Namun, Prabhu Brawijaya berkabung mendengar kegagahan pasukan Wengker.
Mendengar kegagahan Ki Ageng Kutu.
Seluruh Pejabat Majapahit berkabung. Sabdo
Palon dan Naya Genggong berkabung. Kabar kemenangan itu membuat Majapahit
bersedih, bukannya bersuka cita. Para pejabat Majapahit menagis sedih melihat
sesama saudara harus saling menumpahkan darah karena campur tangan pihak
ketiga, karena disebabkan adanya pihak ketiga. Ki Ageng Kutu adalah seorang
Ksatria yang gagah berani. Ki Ageng Kutu adalah salah satu sendi kekuatan
militer Majapahit. Kini, Ki Ageng Kutu harus gugur ditangan pasukan Majapahit
sendiri. Betapa tidak memilukan! Kadipaten Wengker kini dikuasai oleh Raden
Bathara Katong. Surat pengukuhan telah diterima dari pusat. Dan Wengker lantas
dirubah namanya menjadi Kadipaten Ponorogo. Wengker yang Shiva Buddha, kini
telah berhasil menjadi Kadipaten Islam. Kubu Abangan Seorang ulama berdarah
Majapahit, yang lahir di Kadipaten Tuban, yang sangat dikenal dikalangan
masyarakat Jawa yaitu Sunan Kalijaga, mati-matian membendung gerakan militansi
Islam. Beliau seringkali mengingatkan, bahwasanya membangun akhlaq lebih
penting daripada mendirikan sebuah Negara Islam. Sunan Kalijaga adalah putra
Adipati Tuban, Arya Teja. Adipati Arya Teja adalah keturunan Senopati Agung
Majapahit masa lampau, Adipati Arya Ranggalawe yang berhasil memimpin pasukan
Majapahit mengalahkan pasukan Tiongkok Mongolia yang hendak menguasai Jawa (
Adipati Arya Ranggalawe adalah salah satu tangan kanan Raden Wijaya, pendiri
Kerajaan Majapahit.) Adipati Arya Teja berhasil di Islamkan oleh Sunan Ampel.

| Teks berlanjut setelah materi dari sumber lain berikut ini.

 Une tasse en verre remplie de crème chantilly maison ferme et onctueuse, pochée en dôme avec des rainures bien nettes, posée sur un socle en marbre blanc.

Bahkan kakak kandung beliau dinikahi Sunan Ampel. Dari pernikahan Sunan Ampel
dengan kakak kandung Adipati Arya Teja, lahirlah Sunan Bonang, Sunan Derajat,
Sunan Lamongan, dan lima putri yang lain ( seperti yang telah saya tulis pada
bagian pertama : Damar Shashangka ). Para pengikut Sunan Giri yang tidak
sepaham dengan para pengikut Sunan Kalijaga, sering terlibat konflik-konflik
terselubung.
Di pihak Sunan Giri, banyak ulama yang bergabung, seperti Sunan
Derajat, Sunan Lamongan, Sunan Majagung ( sekarang dikenal dengan Sunan
Bejagung), Sunan Ngundung dan putranya Sunan Kudus, dll. Dipihak Sunan
Kalijaga, ada Sunan Murya (sekarang dikenal dengan nama Sunan Muria), Syeh
Jangkung, Syeh Siti Jenar, dll. Khusus mengenai Syeh Siti Jenar atau juga
disebut Sunan Kajenar, beliau adalah ulama murni yang menekuni spiritualitas.
Beliau sangat-sangat tidak menyetujui gerakan kaum Putih yang merencanakan
berdirinya Negara Islam Jawa. Pertikaian ini mencapai puncaknya ketika Syeh
Siti Jenar, menyatakan keluar dari Dewan Wali Sangha. Syeh Siti Jenar menyatakan
terpisah dari Majelis Ulama Jawa itu. Beliau tidak mengakui lagi Sunan Ampel
sebagai seorang Mufti. Didaerah Cirebon, Syeh Siti Jenar banyak memiliki
pengikut. Manakala menjelang awal tahun 1478, Sunan Ampel wafat dan kedudukan
Mufti digantikan oleh Sunan Giri, keberadaan Syeh Siti Jenar dianggap sangat
membahayakan Islam. Semua dinamika ini, terus diamati oleh intelejen Majapahit.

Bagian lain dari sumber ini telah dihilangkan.